Stressed-Out Residents, Tele-Triage and the Future of EM, with Dr. Peter Cameron

Stressed-Out Residents, Tele-Triage and the Future of EM, with Dr. Peter Cameron

Peter Cameron has been active in global emergency medicine development for thirty years, spending much of that time in executive leadership at the International Federation for Emergency Medicine (IFEM). As president of IFEM, Cameron brought a steady hand and a dry Australian wit, overseeing a period of significant growth. Today, in addition to serving on the editorial board here at Emergency Physicians International, Cameron is the academic director of the emergency and trauma center at The Alfred, the biggest trauma center in Australia and New Zealand. He’s also a professor of emergency medicine at Monash University. Describing himself as being in the “twilight” of his career Cameron dedicates much of his time now to mentorship, so we wanted to catch up with him to learn about the next generation of emergency physicians. We also cover leapfrog innovation, and the promise of virtual care in emergency medicine. 

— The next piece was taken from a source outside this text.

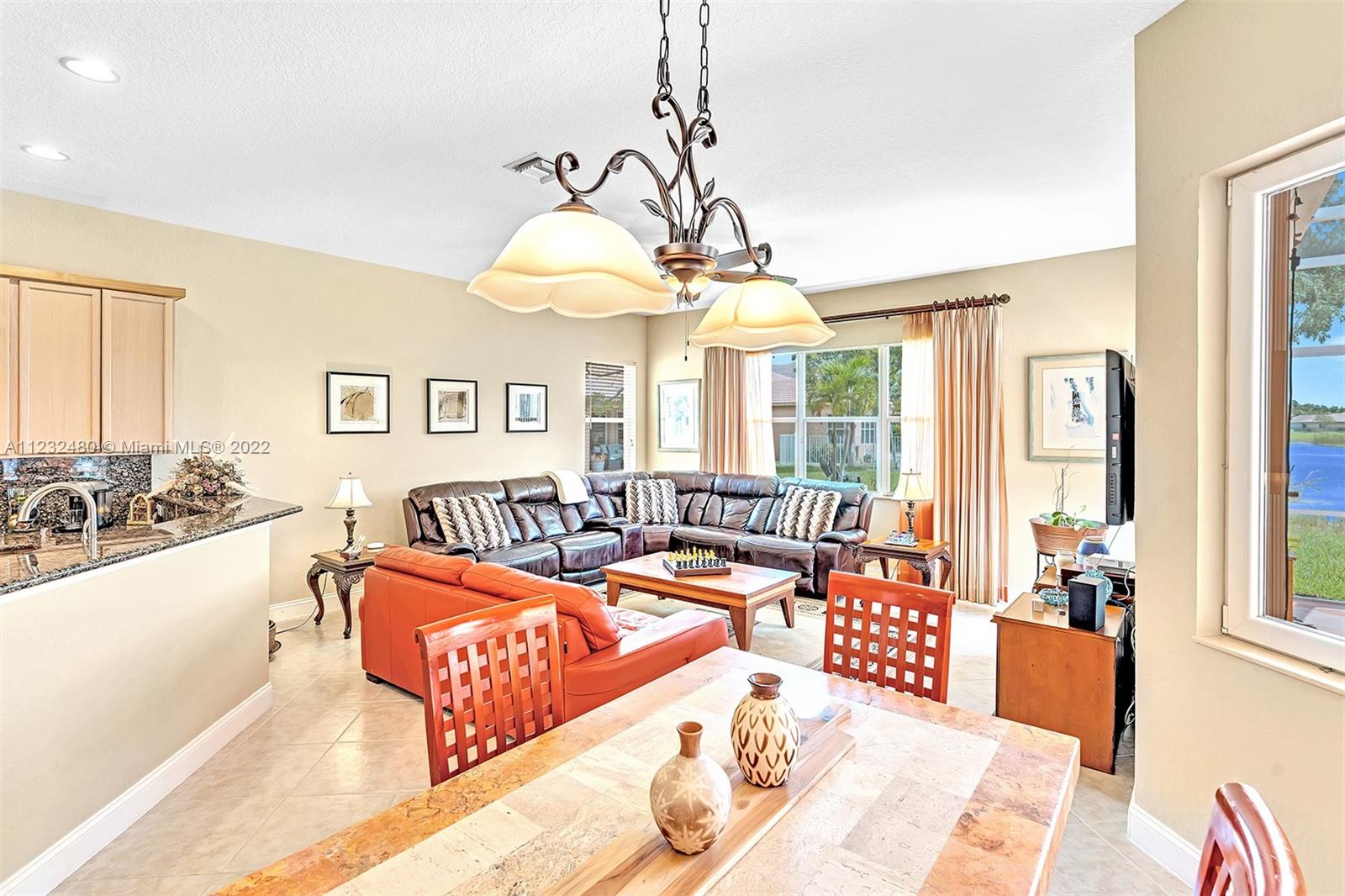 19461 Stonebrook St Unit: 19461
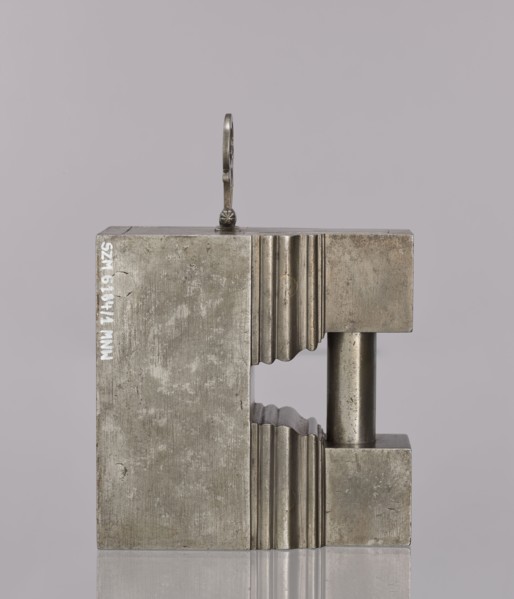 Padlock, 19th century. A padlock in the shape of a cuboid with the upper part topped by a cornice;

EPI: You’ve been involved in global emergency medicine for thirty years. How would you describe the pace of change over that time? Has the pace of development increased? 

Peter Cameron: I wouldn’t say the pace of development has sped up, but the way we communicate has, with social media and so forth. We now communicate more efficiently. Which can be a positive, but sometimes trends take off that shouldn’t. 

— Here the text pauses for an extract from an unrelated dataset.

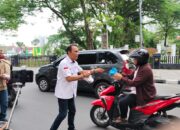 SMSI Medan Bersama Koordinator Wartawan Unit DPRD Medan dan YLMI Bagikan 400 Cup Takjil 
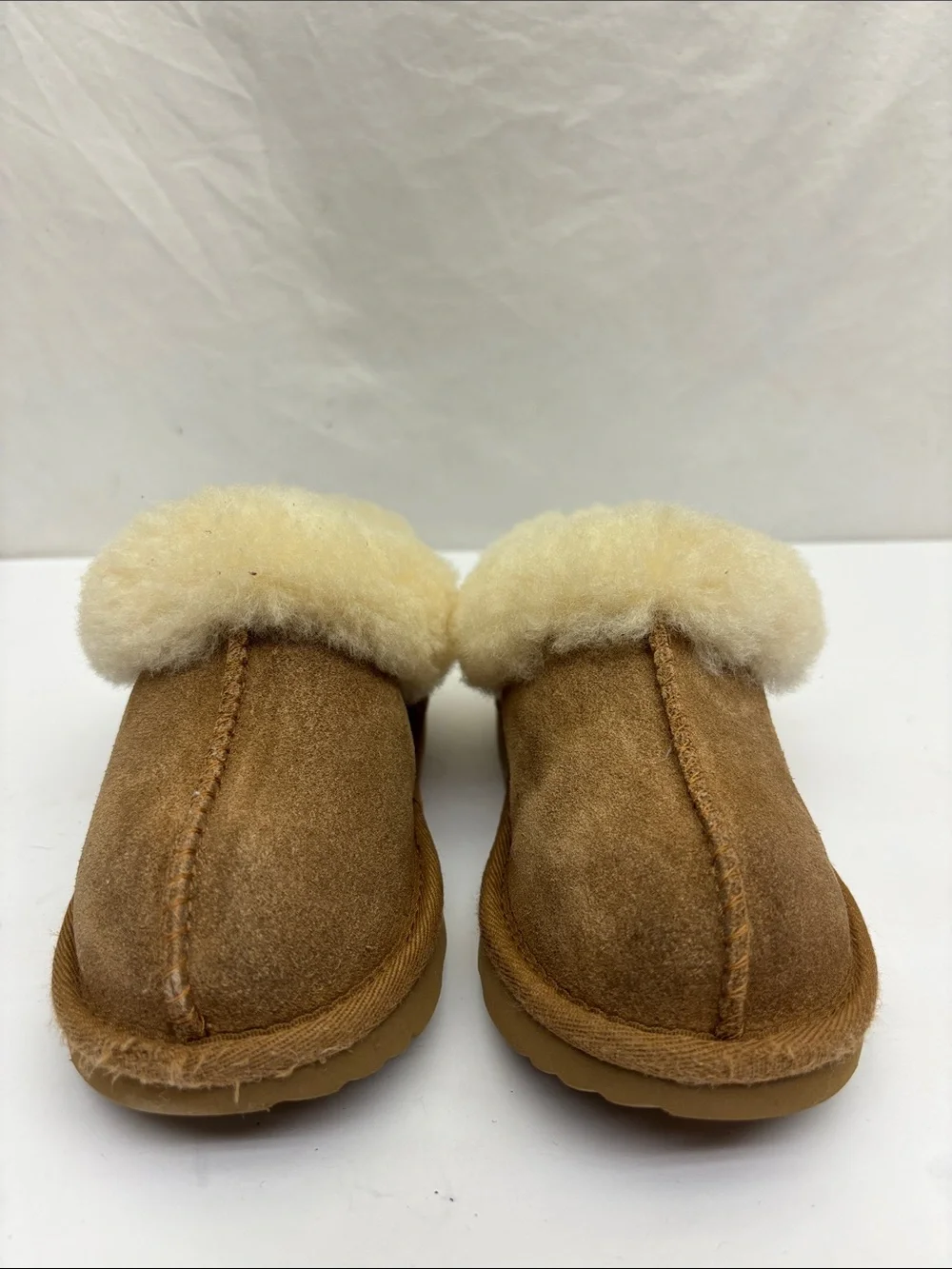 UGG Cozy Slippers for toddler girl, SZ 10, box 75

EPI: What kinds of trends have you seen take off on social media that maybe needed a little more consideration? 

Cameron: I think of particular treatments, like factor 7 was very popular, then it wasn’t shown to make a lot of difference. Then we’ve had fads with airway techniques. A lot of these fads aren’t based on evidence; they’re based on personalities. Even though we’ve talked about evidence-based medicine since the 1990s, we’re still very much focused on eminence–based medicine. I wouldn’t necessarily call them influencers, but it’s effectively the same. Most of the time it doesn’t do a lot of harm, but it diverts people from what’s important. 

EPI: What has surprised you about the progression of emergency medicine over the last 30 years? 

Cameron: One of my mentors who recently died, Joseph Epstein, told me years ago that I needed to get into computing, into electronic medical records, because everything was going to go digital. He encouraged me to get in on the ground floor. Thirty years later, electronic medical records are still a pretty clunky beast. The ability to link data sets is difficult. Unless you’re moving within a single health system, access to data is difficult. The ability to track patients is problematic. In places like Australia and other high income countries, you would have expected to have moved a lot further forward in this area.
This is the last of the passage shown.